A little light for either—
but they’ll like that, surely. Further left
I do this again: sky above, clear—& unbroken horizon
where sky meets sea—& Cath, knee deep, out
beyond the second
line of waves—her white top & green pants—where she appears
a second time, upside down, reflected, closer to—
where she stands,
admiring New Zealand, or the South Pole,
where they stand, in the distance. Stand notionally.
It is Macquarie Island I think Cath thinks is
next stop/last stop. Along with White Rock, Pedra Blanca—
And then the Pole.

As I walk —we turn finally & set out
back to the car— I seem to be addressing
my Dublin friends, & Michael Fitzjames.
The Dubliners, Tony Curtis particularly, I always think of
on Bruny.
Tony travels & would like this—the one bit of Australia
he hasn’t seen. I think because we bought this place
soon after I met them. Michael’s Di came down
with Cath on her last trip—Coogee friends—Sydney.
He’s got my email address now—rang Cath requesting it—
having decided
to move a step closer to the present—the late part
of the 20th century, the early part of this. Or has he been
emailing people for years—others, not me?
I mostly want to tell him
how much less I can see as my eyes deteriorate—
though actually
seeing is what I do best, what keeps my mind
happy, busiest—the constant noting of detail
& of composition, relationship—
but in fewer kinds of light
(as the mind thinks
in its own disordered way
—about history, some line
of logic or rhetoric or argument
—’memes’, are they?—
sorted, shuffled,
recorded. Confirmed.
Stirred like the tea-leaf birds …
for some furthering remark or for
launching off with
—(the article I came across
that I do not want to write
opening it in my
notebook
‘Necessary Fictions’—
something ‘on spec’
for a ditzy, high-paying editor
who might not take it
who says she wants something ‘philosophical’
yike,
you gibbering idiot
—something philosophic, & apropos of nothing—
you write it!)
As an artist
there is much here he could paint
& I am conscious, driving from the beach, of the shades of
olive & of lighter green—
the silver-grey tree trunks, & the ‘black’—
the clouds
of every shade
from palest silver & shale
to blue & blue-grey-black,
the telegraph poles—at long, country intervals—the same
regular grey-white, solemn, dramatic contrast
with the spinach-green behind (I saw one once,
recently limed, a startling mint or menthol stripe
like
the green on the face of Mme Matisse—but it has faded.
I see that pole again this trip
& it is the regulation neutral silver-grey)
… the tan
—& tan-mixed-with-coffee grounds
(of burnt wood & wet leaves, ti-tree)—
that shades the blond sand, that swathes &
firms & darkens
around knolls & depressions. Is it water-courses,
or the wind in the sand? A Siamese cat’s
colouring.

Jules I also think of, at work, & the others—
Mel,
Michael, Teri.
We have known each other so long,
have worked together—Julie & I—over twenty years.
Watching each other die—or
“move towards the end of our lives”.
More considerate as we get older.

It is weird to be somewhere they don’t know.

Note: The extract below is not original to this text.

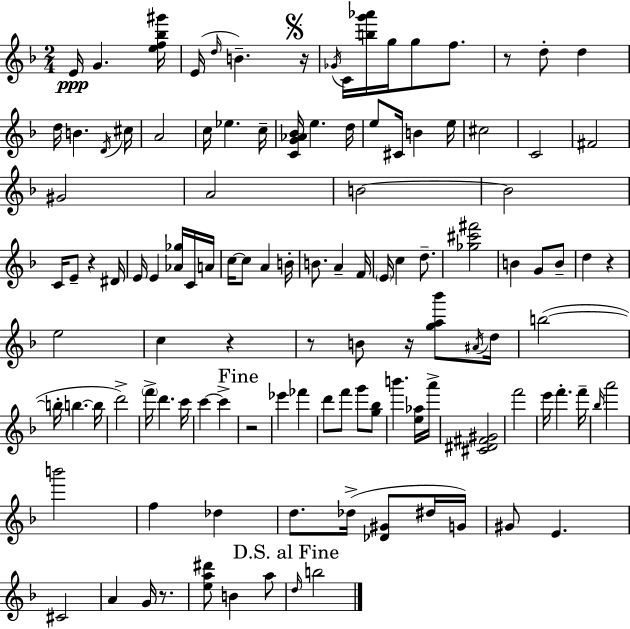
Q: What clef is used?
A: treble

They’d like it. The New Zealanders
would like it
—it’s ‘McCahon’ enough (tho does it lack the
required ‘punitive gloom’?)—
the peaked, volcanic-looking hills
around the harbours,
the peninsulas that recede one behind the other
into a uniform powdery blue—
& Michael, painter Michael, (so many
Michaels in this)—
to whom it won’t be strange
—having done his Tasmanian time
decades ago—
but Bruny is different, distinct somehow,
material for his eye.
(Di liked it.)

Laurie, another distant friend, walks a less trackless landscape—
in the footsteps of countless, commentating
British, Normans & Saxons,
walking where Mathew Arnold walked,
or Wells. Here, people
in a different headspace
walked before me of course.
Cath walks here now.
She says, from the bedroom —(as I
wash the dishes)—
they are Kelp Gulls, about the same size as Pacific Gulls
& a bit darker on top,
gathering in groups of a couple of hundred
about now, on
“islands south of Hobart”.
Not quite the span.
Called Dominicans because of their black & white,
their span just a little less

The big number makes it likely. We always see Pacific Gulls
in ones or twos, or small quantities. Ordinary
seagulls, by comparison, look tiny when we see them
back in Adelaide. These are large,
ocean-going birds.

I break some kindling for next day’s fires
take a photo, out the window, of the three trees
I love—three vast simple lines stemming
from the same place in the scrub
& spreading apart just slightly as they soar—like
planes at an air show,
about to peal off dramatically though they never do,
three tense splayed fingers passing up
through blue & cloud
& blue.
One has dropped a branch in this year of drought.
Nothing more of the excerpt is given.